Aku membutuhkan obatku, Sinta. aku membutuhkanmu.. sekarang.

Nico membaca pesan yang belum sempat Bintang kirim. Ia meraih ponselnya sendiri, dan mengetikkan nomor Sinta di ponselnya, kemudian menelponnya.

“Halo Sinta. ini Nico, ingat? Teman Bintang. Apa besok ada waktu? Ada yang perlu ku katakan padamu. Baik, nanti ku sms tempatnya.”

Malam ini ia pasti akan begadang menyusun kalimat yang tepat untuk mengatakannya pada Sinta.
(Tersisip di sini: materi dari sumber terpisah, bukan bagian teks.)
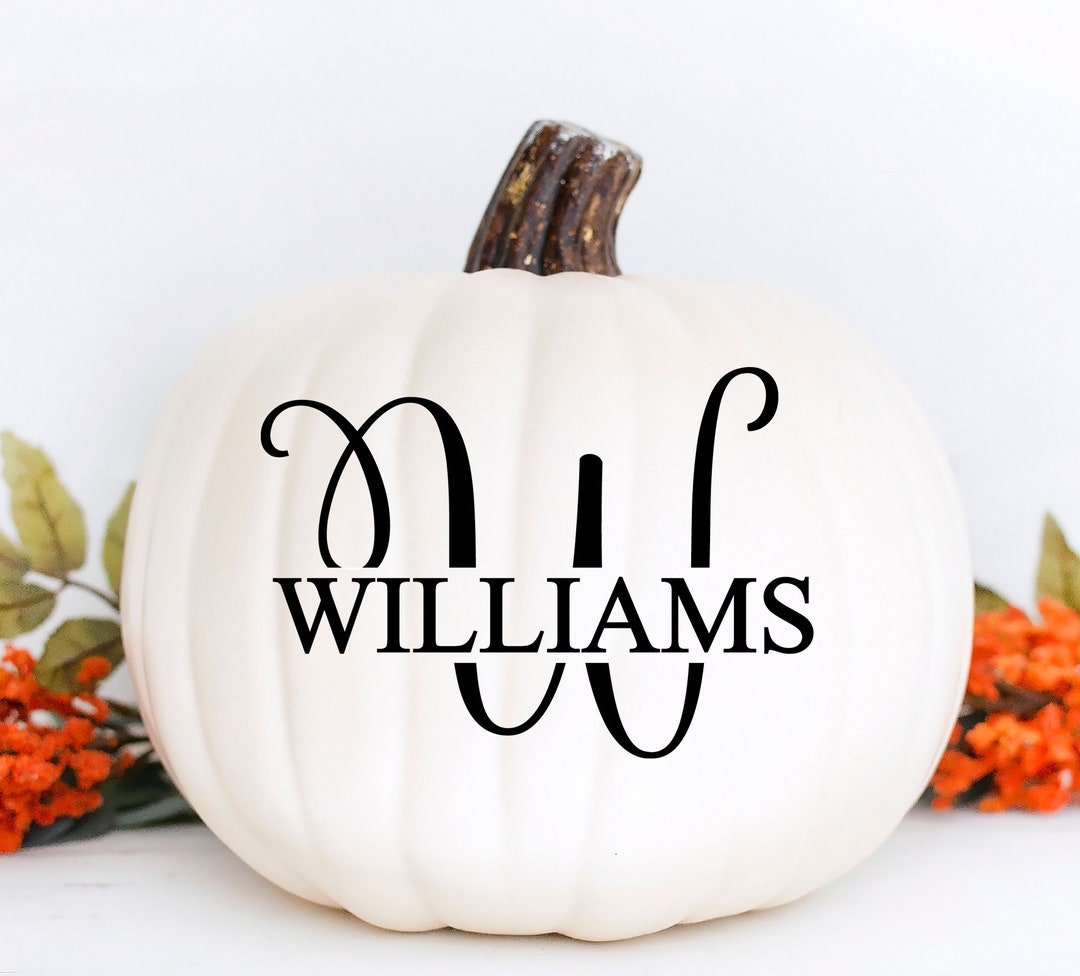 Personalized Pumpkin Monogram Vinyl Decal Pumpkin Decor Etsy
Nico mengusap wajahnya dan keluar dari toliet pria dan kembali ke ruangan Bintang.

“Kak Nico?”

Nico menoleh dan terkejut, “S-Sinta? kenapa kau bisa disini?”

“aku bertemu dengan dokterku. Kak Nico sedang ap—kenapa bajunya ada darah?apa ada yang terluka?”

“Ah tidak, tadi aku menabrak bangsal korban kecelakan, darahnya mengenai bajuku.”

“Ah, begitu.. ohya, bukannya tadi ada yang ingin dibicarakan?apa tidak bisa memberitahuku sekarang saja?”

“Ah? S-sekarang?”

Masalahnya, ia tak tahu bagaimana memulainya. Ia belum siap.

Ia berdehem. “Em, Sinta. tolong baik-baiklah pada Bintang. Dia tidak setampan yang terlihat..” Baiklah, ia pasti terdengar aneh. “..dan, jangan minta dia mengupaskan apel untukmu lagi,”

“Ya?” Sinta menatapanya tak mengerti.

“Dan, sebegitu rapuh dan buruknya dia, tetaplah disisinya, oke? Aku mengandalkanmu. Untuk saat ini segitu saja. Nanti aku pasti mengatakannya padamu.”

Nico menepuk bahu Sinta kemudian pergi. Sinta mengerutkan alis, bingung.

***

“Bagaimana kondisinya?”

“Kondisi vitalnya sudah normal untungnya karena pasien sampai dirumah sakit tepat waktu. Tapi, psikologisnya tidak. saya benar-benar menyarankan untuk dia bertemu dengan dokter, meski berat mengakuinya, namun kalau dibiarkan lebih lama, dia bisa menjadi pecandu bunuh diri.”

Nico menghela, “Baik dok. Nanti saya akan membicarakannya."

Dokter itu menoleh ke arah Bintang yang terlelap, “Tapi, siapa Sinta? dia terus saja mengigau dan menyebut nama itu.”

“Sinta itu nama gadis yang disukainya.”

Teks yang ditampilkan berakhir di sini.